I was 26, a New Yorker of four years after moving from Turkey to receive my graduate degree at the City University of New York. Graduate school days were already behind me at that point and I was working as a low-level account coordinator at an advertising agency—a grueling job with comical pay and long hours, but one that was nonetheless educational and accepted my temporary work visa. I hated the work, but I excelled at it and I was happy in lots of ways. I was in love with another lowly account assistant (now my dear husband of 17 years and counting), I could miraculously afford a decent-enough rent-controlled apartment on my own, and I was making it work somehow. But whatever I thought I was achieving came to an abrupt halt when I got slammed by the brutal reality of my fast-expiring visa. My legal case to convert my temporary work permit to an H1B (which is a more stable kind of work visa that your employer must sponsor) got rejected by the government—in short, they thought I had no business stealing a job from a documented American. I could re-appeal or pack up and leave the country permanently.

Both then and looking back now, I have been acutely aware of how privileged a position I was in despite the circumstances. My family was supportive of my immigration plan, I could afford a graduate degree from a public university, and my employer agreed to pay for most of my legal expenses. Plus if things truly didn’t work out here, I had a welcoming home and good opportunities back in Turkey. So in no way do I know what it feels like to be an undocumented immigrant with limited (or no) options in this country. But I can speak to my personal experience, and the headspace I found myself in back then. It was suffocating. I was working hard and dreaming big, and the thought of giving all of that up made me miserable. So I re-appealed.
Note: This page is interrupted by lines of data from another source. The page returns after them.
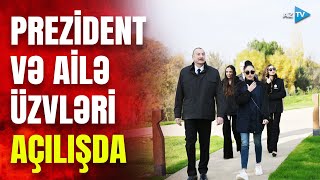 Prezident İlham Əliyev və ailə üzvləri Mərkəzi Nəbatat Bağının açılışında iştirak etdilər [upl. by Antonetta909]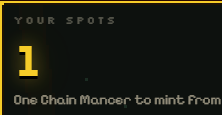 A game interface snippet showing 'YOUR SPOTS' with a large yellow '1' and the text 'One Chain Mancer to mint From'.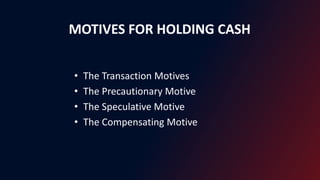 MOTIVES FOR HOLDING CASH
• The Transaction Motives
• The Precautionary Motive
• The Speculative Motive
• The Compensating Motive
 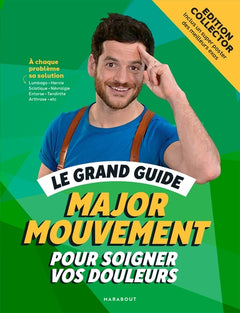 Le grand guide Major Mouvement pour soigner vos douleurs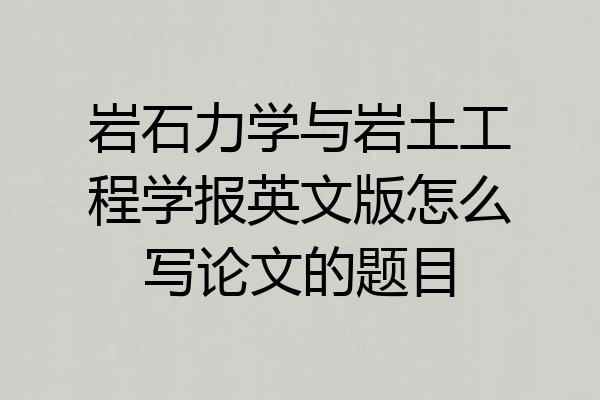 岩石力学与岩土工程学报英文版怎么写论文的题目
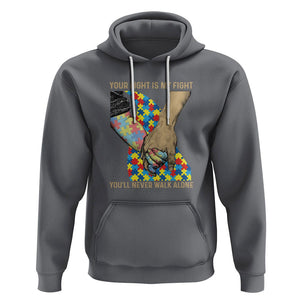 Autism Support Hoodie Your Fight Is My Fight Together Hand In Hand TS01 Charcoal Printyourwear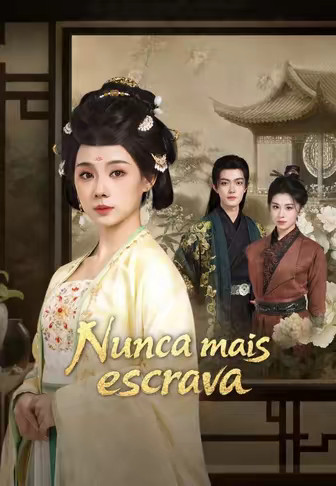 Nunca mais escrava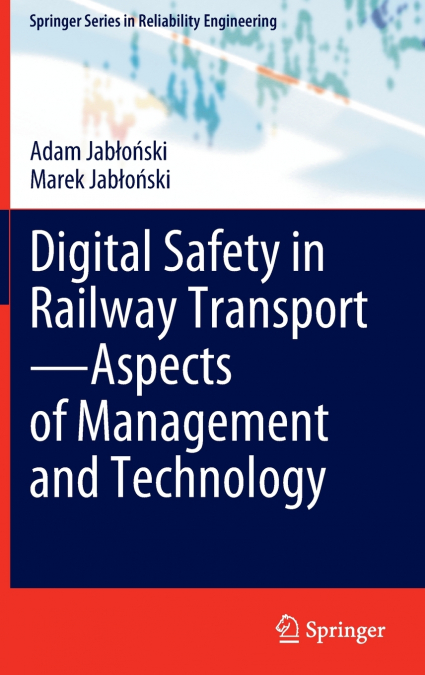 Digital Safety in Railway Transport-Aspects of Management and Technology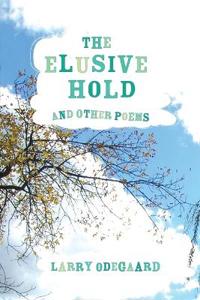The Elusive Hold and Other Poems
What followed was a limbo that lasted…well, I don’t know, but months that felt like years. I put every dream on hold. In every conversation, I had to consider my possible expiration date, mentioning no future plans whether they would be taking place in one week or one month. In other words (whether I knew it at the time or not), I felt like a part of me was living at the airport—to finally arrive in earnest or to leave for good—waiting for the inevitable.

This is when I met Spielberg’s contemporary fairy tale The Terminal, about the pure-hearted Viktor Navorski (Tom Hanks), hailing from the fictional (but plausibly-named) Eastern European country of Krakozhia.
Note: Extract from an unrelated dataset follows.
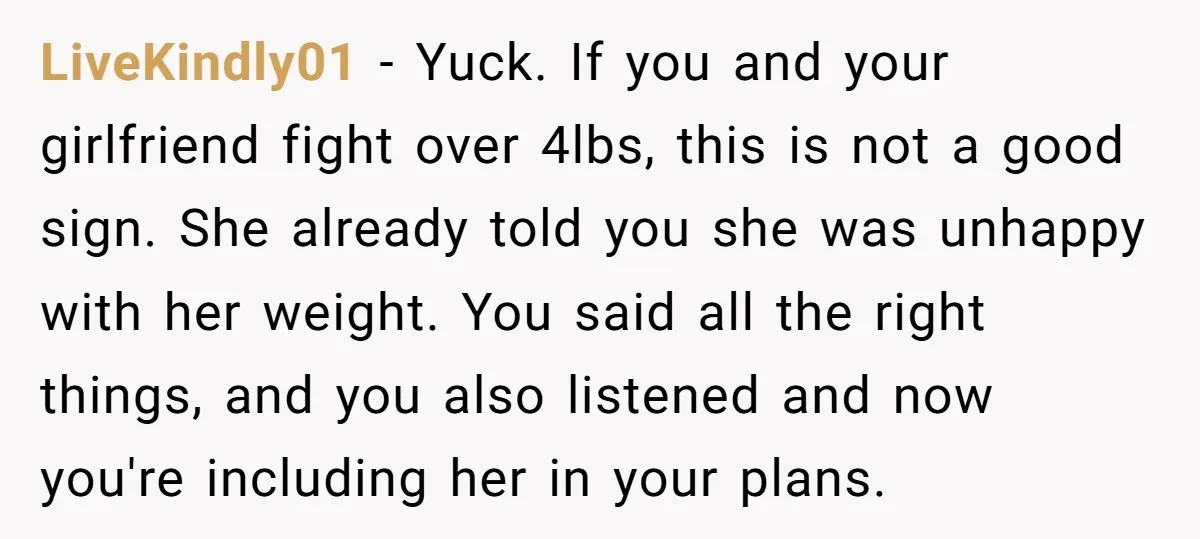LiveKindly01 − Yuck. If you and your girlfriend fight over 4lbs, this is not a good sign. She already told you she was unhappy with her weight. You said all...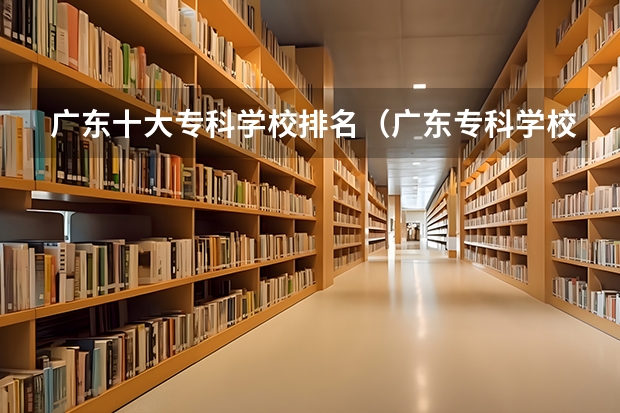 广东十大专科学校排名（广东专科学校排名榜及录取分数线）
Written by Sacha Gervasi and Jeff Nathanson (and very loosely based on the real-case of Mehran Karimi Nasseri, who lived at Charles de Gaulle Airport from 1988-2006), the fable goes like this: Navorski arrives at JFK Airport in New York as a coup d’état sends his motherland into chaos, invalidating his passport and leaving him without an official homeland recognized by the U.S. Sporting a cutesy (but amiable) accent and broken English, and trying to make someone, anyone, care about his heart-wrenching dilemma, Navorski watches the war back home in horror on various airport screens, while holding onto a mysterious peanut can (whose contents we find out about later) for dear life. The story’s cruel villain arrives in the form of Stanley Tucci’s Dixon, an exceedingly unsympathetic Homeland Security paper-pusher who’s quick to drop a racist remark about Asian tourists and who’d do anything to get the promotion he feels he’s overdue for. Out of options and unable to let Navorski stroll into the country, Dixon just lets him stay in the international transit lounge until things settle in Krakozhia, or at least until he figures out how to make Viktor someone else’s problem. Little does he know that that would take nearly a year.

The Terminal (2004) Teaser Trailer

The Terminal requires a suspension of disbelief that today’s exceedingly cynical audiences might not have the stomach for. For starters, where is this version of JFK that has a decent view out of Dixon’s office? More importantly, why is this the only terminal of JFK that doesn’t look like a cursed hellhole? (That part might have something to do with frequent Spielberg collaborator Janusz Kamiński’s gorgeous storybook cinematography and signature lens flares.) Why is Viktor the only Krakozhian passenger around? How is this terminal logistically laid out in relation to the rest of the airport, including passport control and immigration booths? Was there ever a system in NYC where you’d return a luggage cart and get a quarter back, which, for a while, is Viktor’s only money-making method for buying burgers and sodas? (There wasn’t.)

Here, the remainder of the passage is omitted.